Rousseff, Neves Neck-And-Neck ahead of Brazil Runoff


Rousseff, Neves Neck-And-Neck ahead of Brazil Runoff

TEHRAN (Tasnim) - Pro-business opposition candidate Aecio Neves gained support and is running neck-and-neck with leftist President Dilma Rousseff ahead of Brazil's Oct. 26 presidential runoff, two polls showed.

The tight race highlights why Neves is actively seeking an endorsement from popular environmentalist Marina Silva, who finished third in the election's first round on Sunday with 22 million votes.

Neves has 46 percent support against 44 percent for Rousseff, surveys by the Datafolha and Ibope polling firms showed. Excluding undecided voters, spoiled and blank survey responses, Neves had 51 percent against 49 percent for Rousseff.

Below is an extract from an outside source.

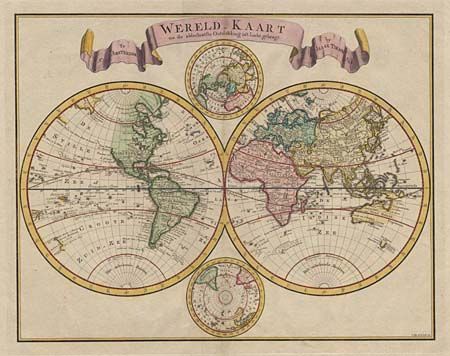 Wereld Kaart na de alderlaatste Ontdekking in't Licht gebragt.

The gap between them is statistically insignificant because it is within the margin of error of both polls, meaning the race remains too close to call at this point, Reuters reported.

The polls were the first by Brazil's two major polling firms since Sunday's first-round vote in which Rousseff won 41.6 percent of the votes cast to 33.6 percent for Neves, a difference of 8 million votes.

Neves, a centrist senator who is an investor favorite, had trailed Silva for most of the campaign but surged late to secure a spot in the runoff. Brazilian financial markets rallied early in the week after Neves's strong showing, hoping that his momentum heading into the second round would give him a solid lead over Rousseff.

To unseat Rousseff and put an end to 12 years of Workers' Party rule, Neves is trying to woo voters who backed Silva and other opposition candidates in the first round.

Silva's Brazilian Socialist Party backed Neves on Wednesday, but she wants to see him formally embrace some key points from her campaign platform before offering a personal endorsement.

A Silva aide, Pedro Ivo, said she is seeking "progressive" commitments to defend the rights of Brazilian Indians and landless peasants, issues that are not part of Neves's platform. She also wants Neves to commit to "sustainable development," a key concept of her campaign.

Silva also came in third in the last presidential election, when she ran on the Green Party ticket. In the 2010 runoff, she remained neutral instead of endorsing a candidate.

This time, though, Silva looks inclined to throw her weight behind Neves following an acrimonious campaign in which the Rousseff camp ran a flurry of attack ads portraying Silva as a serial flip-flopper beholden to a greedy financial elite.